Once on terra firma and stranded, Adams determines to find work and place to live, and carry on. The Blighs help her but against the wishes of the grandmother, who has mysterious reasons for keeping Adams from the family. Adams helps the Bligh’s daughter and the two become friends which further inflames grandma. And James is careful around her because he has a secret.
As Adams becomes closer to the family members, grandma grows more hostile and dangerous but Adams never loses sight of her goal to create her own life on her won terms. She won’t be bullied or paid to leave.
She’s a formidable woman, determined, liberated, experienced in life. She has a strong, defiant and unswerving sense of self, and a will to survive with integrity. Why is she so unlike the self-satisfied people of Inverness? Is it connected to her time in Europe?
What happened? Why is she single, why does she discourage romantic attention from the charming and upright Mr. Bligh? Why do the locals treat her like a scarlet woman?
Marta Dusseldorp is a phenomenal actress and carries the series easily. Her ability to express inner turmoil, personal strength and the vulnerability of a woman on her own is remarkable. She also seems contemporary and forward thinking at the same time.
A Place to Call Home features a large cast of characters and endless twists and turns, it’s fun and highly entertaining and illuminating. And Adams’ experiences and the way they changed her sows the seeds of the feminist movement.

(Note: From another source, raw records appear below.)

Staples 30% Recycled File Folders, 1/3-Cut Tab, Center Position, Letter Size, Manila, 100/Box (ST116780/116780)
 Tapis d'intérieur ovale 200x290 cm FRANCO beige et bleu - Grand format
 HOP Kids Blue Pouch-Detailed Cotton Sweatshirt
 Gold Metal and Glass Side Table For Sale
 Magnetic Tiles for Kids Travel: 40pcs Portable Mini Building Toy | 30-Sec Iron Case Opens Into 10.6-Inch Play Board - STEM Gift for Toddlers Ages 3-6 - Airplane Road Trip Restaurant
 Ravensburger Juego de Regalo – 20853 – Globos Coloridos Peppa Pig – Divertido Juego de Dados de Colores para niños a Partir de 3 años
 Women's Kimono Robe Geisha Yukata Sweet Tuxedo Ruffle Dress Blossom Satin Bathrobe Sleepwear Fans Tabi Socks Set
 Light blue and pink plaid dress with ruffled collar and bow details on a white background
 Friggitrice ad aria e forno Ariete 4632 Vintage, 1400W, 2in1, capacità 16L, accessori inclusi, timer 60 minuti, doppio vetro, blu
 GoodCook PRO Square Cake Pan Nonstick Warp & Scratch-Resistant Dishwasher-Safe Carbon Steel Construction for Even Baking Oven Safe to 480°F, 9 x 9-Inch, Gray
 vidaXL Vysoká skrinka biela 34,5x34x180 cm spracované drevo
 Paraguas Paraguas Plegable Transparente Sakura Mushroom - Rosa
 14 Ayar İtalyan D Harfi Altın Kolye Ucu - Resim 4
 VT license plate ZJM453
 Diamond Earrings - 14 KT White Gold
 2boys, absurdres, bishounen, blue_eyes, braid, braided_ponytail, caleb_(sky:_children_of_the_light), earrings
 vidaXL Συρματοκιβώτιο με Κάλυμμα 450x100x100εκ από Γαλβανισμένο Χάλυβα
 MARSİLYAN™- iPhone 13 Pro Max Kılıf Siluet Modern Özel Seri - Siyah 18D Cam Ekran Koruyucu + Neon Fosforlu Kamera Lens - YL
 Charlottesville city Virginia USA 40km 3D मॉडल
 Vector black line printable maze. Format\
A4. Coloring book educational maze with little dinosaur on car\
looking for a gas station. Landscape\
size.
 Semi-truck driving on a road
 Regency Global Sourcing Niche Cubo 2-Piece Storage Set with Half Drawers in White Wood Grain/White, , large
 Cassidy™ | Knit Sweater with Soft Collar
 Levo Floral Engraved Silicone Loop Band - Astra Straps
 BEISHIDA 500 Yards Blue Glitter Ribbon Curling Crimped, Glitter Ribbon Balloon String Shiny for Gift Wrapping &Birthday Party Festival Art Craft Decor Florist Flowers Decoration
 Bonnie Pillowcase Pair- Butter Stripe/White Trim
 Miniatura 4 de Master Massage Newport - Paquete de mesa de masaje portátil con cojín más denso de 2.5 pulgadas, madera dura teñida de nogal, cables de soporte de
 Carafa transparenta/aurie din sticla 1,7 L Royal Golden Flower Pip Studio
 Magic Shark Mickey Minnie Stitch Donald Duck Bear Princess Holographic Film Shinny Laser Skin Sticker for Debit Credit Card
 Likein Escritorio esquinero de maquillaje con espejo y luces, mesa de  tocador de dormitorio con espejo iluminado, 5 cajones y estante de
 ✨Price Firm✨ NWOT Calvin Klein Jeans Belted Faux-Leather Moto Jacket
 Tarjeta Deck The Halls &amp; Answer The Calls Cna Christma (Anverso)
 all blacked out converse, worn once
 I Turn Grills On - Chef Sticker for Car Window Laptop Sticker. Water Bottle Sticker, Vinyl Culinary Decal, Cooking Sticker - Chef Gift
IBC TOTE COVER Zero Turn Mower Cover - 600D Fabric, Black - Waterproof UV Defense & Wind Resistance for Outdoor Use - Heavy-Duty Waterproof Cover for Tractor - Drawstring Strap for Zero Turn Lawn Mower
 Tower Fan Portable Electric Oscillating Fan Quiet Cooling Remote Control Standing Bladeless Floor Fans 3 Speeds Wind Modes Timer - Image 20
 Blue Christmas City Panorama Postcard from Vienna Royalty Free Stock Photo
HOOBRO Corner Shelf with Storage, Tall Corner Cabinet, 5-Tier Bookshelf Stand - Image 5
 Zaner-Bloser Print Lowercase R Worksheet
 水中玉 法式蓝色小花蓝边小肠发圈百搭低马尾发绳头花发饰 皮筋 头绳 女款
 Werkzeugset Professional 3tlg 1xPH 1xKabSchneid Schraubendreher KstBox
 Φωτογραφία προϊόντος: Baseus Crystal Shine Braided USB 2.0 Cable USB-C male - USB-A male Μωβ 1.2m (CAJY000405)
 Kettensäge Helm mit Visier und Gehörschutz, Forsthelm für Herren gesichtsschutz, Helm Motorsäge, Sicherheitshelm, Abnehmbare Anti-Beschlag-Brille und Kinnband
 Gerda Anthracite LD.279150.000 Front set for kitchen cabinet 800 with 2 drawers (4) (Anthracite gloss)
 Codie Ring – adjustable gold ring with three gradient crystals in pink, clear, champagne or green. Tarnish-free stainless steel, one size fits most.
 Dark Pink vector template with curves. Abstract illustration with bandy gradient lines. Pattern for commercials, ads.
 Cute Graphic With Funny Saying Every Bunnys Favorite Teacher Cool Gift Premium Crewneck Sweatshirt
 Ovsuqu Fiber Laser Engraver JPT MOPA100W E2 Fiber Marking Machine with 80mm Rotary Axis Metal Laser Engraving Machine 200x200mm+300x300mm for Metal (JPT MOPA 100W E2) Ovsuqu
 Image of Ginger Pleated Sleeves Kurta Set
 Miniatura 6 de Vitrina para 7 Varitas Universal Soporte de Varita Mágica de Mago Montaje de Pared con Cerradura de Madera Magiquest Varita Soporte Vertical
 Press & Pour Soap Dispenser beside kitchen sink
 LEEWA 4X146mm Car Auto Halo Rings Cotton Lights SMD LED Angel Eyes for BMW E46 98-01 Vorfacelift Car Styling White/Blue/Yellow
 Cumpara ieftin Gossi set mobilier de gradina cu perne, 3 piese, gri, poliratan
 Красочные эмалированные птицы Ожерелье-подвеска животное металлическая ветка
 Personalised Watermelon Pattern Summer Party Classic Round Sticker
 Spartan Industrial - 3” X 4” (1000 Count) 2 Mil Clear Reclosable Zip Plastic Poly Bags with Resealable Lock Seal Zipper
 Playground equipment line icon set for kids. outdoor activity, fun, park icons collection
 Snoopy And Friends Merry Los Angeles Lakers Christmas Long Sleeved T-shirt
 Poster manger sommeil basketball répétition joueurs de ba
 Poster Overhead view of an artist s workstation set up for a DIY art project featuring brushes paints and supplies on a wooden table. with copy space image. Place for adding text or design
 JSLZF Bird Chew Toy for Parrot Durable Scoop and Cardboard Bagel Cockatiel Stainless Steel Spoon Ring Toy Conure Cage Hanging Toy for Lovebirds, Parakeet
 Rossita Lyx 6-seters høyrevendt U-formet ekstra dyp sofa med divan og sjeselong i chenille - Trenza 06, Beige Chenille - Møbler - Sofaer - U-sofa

The series notes the growing dissatisfaction with British colonial rule. It is about the shock of the new, as in Adam’s confident character and social change and metamorphosis and in that way, is a richer soap opera than we are used to.
The series recalls the way people lived in a stabilizing post-war world and colonial mores and classism of the time, hangovers from the Victorian and Edwardian eras and years to say goodbye to that life.